Graph Data Modeling

This section will cover how to model data as a graph as well as how to import data into Neo4j using LOAD CSV.

Let’s first identify the tools and concepts we’ll be using:

Neo4j Tools

Neo4j Browser - Neo4j Browser (this web application!) is a query workbench for querying Neo4j and visualizing the results.
Cypher - Cypher is the query language for graphs used to interact with Neo4j. Cypher is an expressive query language designed for graphs that allows the user to define graph queries defining a traversal.
LOAD CSV - functionality built into Cypher that allows for importing data into Neo4j from CSV / flat files.

Next, let’s introduce the dataset we’ll be using today.

Short term housing rental data

Inside Airbnb

Inside Airbnb has collected data on listings, hosts and reviews. We will use this data as an example to see how we can model and import data into Neo4j. We will learn the Cypher query language

The Datamodel

Listings, reviews, hosts

This is the full data model that we will build out using data from Inside Airbnb.
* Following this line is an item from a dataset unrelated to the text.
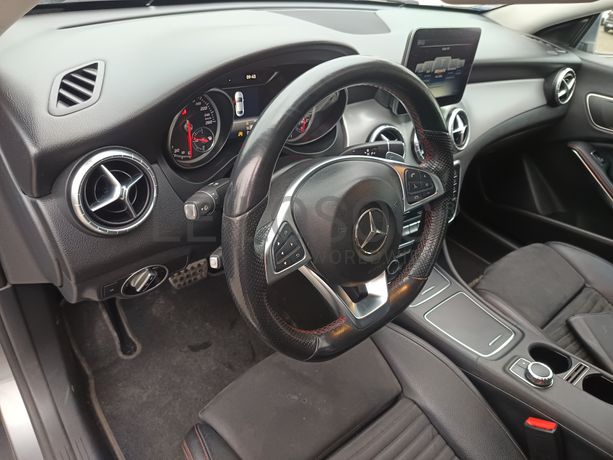 Mercedes-Benz 220 CDI · Ano 2016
The Labeled Property Graph Model

Neo4j implements the labeled property graph data model. The components of the labeled property graph model are:

The Labeled Property Graph Model

lpg

Node - The node is the entity or object. Each node can have one or more labels.
Relationship - Relationships connect Nodes in the graph. Each relationship has a single type.
Properties - Key-values pairs stored on either Nodes or Relationships

An Introduction to Cypher

When using Cypher, we will be defining graph patterns, expressed as ASCII-art like strings. For example:

A simple graph traversal

MATCH (l:Listing)-[:HAS]->(a:Amenity)
RETURN l, COLLECT(a) AS amenities;

Creating data with Cypher

CREATE (l:Listing {listing_id: "1234"})
SET l.name  = "Spacious 2 bedroom",
    l.price = 195
CREATE (a1:Amenity {name: "wifi"})
CREATE (a2:Amenity {name: "hot tub"})
CREATE (l)-[:HAS]->(a1)
CREATE (l)-[:HAS]->(a2)
RETURN *;

Deleting data

MATCH (a)
DETACH DELETE a;

Cypher keywords

In the previous example, we used the following Cypher keywords:

MATCH - Search the graph for a certain graph pattern
RETURN - Specify results to be returned from the query
COLLECT - An aggregation function, collect elements into a list.
SET - Set property values
CREATE - Create data in the graph. Takes a graph pattern.
DELETE - Delete data from the graph

Next, we will learn how to import data into Neo4j using LOAD CSV;

LOAD CSV

LOAD CSV allows us to import data from CSV files, using Cypher to define the model we want to create.

Examine CSV file data, but don’t create any data

LOAD CSV WITH HEADERS FROM "file:///listings.csv" AS row
RETURN row LIMIT 10

We see that by specifying WITH HEADERS, the row object becomes a map (or dictionary). LOAD CSV will allow us to iterate over each row in the file, creating data for each row. Let’s start by importing listings, amenities, and neighborhoods:

datamodel1

LOAD CSV WITH HEADERS FROM "file:///listings.csv" AS row
WITH row WHERE row.id IS NOT NULL
CREATE (l:Listing {listing_id: row.id})
SET l.name = row.name,
    l.price = toFloat(substring(row.price, 1)),
    l.weekly_price = toFloat(substring(row.weekly_price, 1)),
    l.cleaning_fee = toFloat(substring(row.cleaning_fee, 1)),
    l.property_type = row.property_type,
    l.accomodates = toInt(row.accomodates),
    l.bedrooms = toInt(row.bedrooms),
    l.bathrooms = toInt(row.bathrooms),
    l.availabiliity_365 = toInt(row.availability_365)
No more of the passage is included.